Outrage over male officers' strip-search of women convicts
PRISONER'S welfare and women's rights supporters in Canada are livid over the forced stripping of eight female convicts by an all-male riot squad.
An official Correctional Services report had white-washed the events at the Prison for Women, Kingston, Ontario, saying that the women were not stripped by men in April last year.
But last week shocked television viewers watched, from the comfort of home, women aged from 23 to 36 being stripped naked in a dungeon-like prison.
The Emergency Response Team, from Canada's Maximum Security Prison for men nearby, moved from cell to cell, stripping each woman. Some women swore. Others said they should not be stripped by men, or asked - in vain - to be covered or given a smock.

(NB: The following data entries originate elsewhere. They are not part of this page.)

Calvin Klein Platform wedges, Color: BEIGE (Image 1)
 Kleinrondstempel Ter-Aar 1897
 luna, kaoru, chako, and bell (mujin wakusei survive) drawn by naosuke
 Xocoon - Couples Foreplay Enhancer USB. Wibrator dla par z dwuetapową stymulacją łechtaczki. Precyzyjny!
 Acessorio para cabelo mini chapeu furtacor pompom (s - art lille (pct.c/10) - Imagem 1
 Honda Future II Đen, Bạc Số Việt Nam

'This isn't necessary,' pleaded one as a man held her to the floor under an inverted clear plastic shield. He carried full riot gear, including Darth Vader-like helmet and face shield. Whenever she turned her head, another man touched or rapped her on the upper arm or shoulder with a long truncheon, ordering: 'Don't move!' At another cell the riot-squad members held a protesting woman face down and cut and tore all her clothes off before body-searching her and shackling her with a chain around the waist.
The videotape that blew away the official report and government credibility was made by Correctional Services staff, presumably to protect them against false allegations by the women. But the videotape boomeranged, not least on Therese Leblanc, the prison's current warden. Ms Leblanc headed the Correctional Services board of investigation which reported that men did not strip the women. Yes, the men were there, said her report, in case they were needed in an emergency.
After that official statement, the Canadian Broadcasting Corporation's investigative news show, The Fifth Estate, got hold of the tape and broadcast it. The broadcast showed the reactions of prison advisers watching the tape. Some were wide-eyed, literally aghast, at the footage.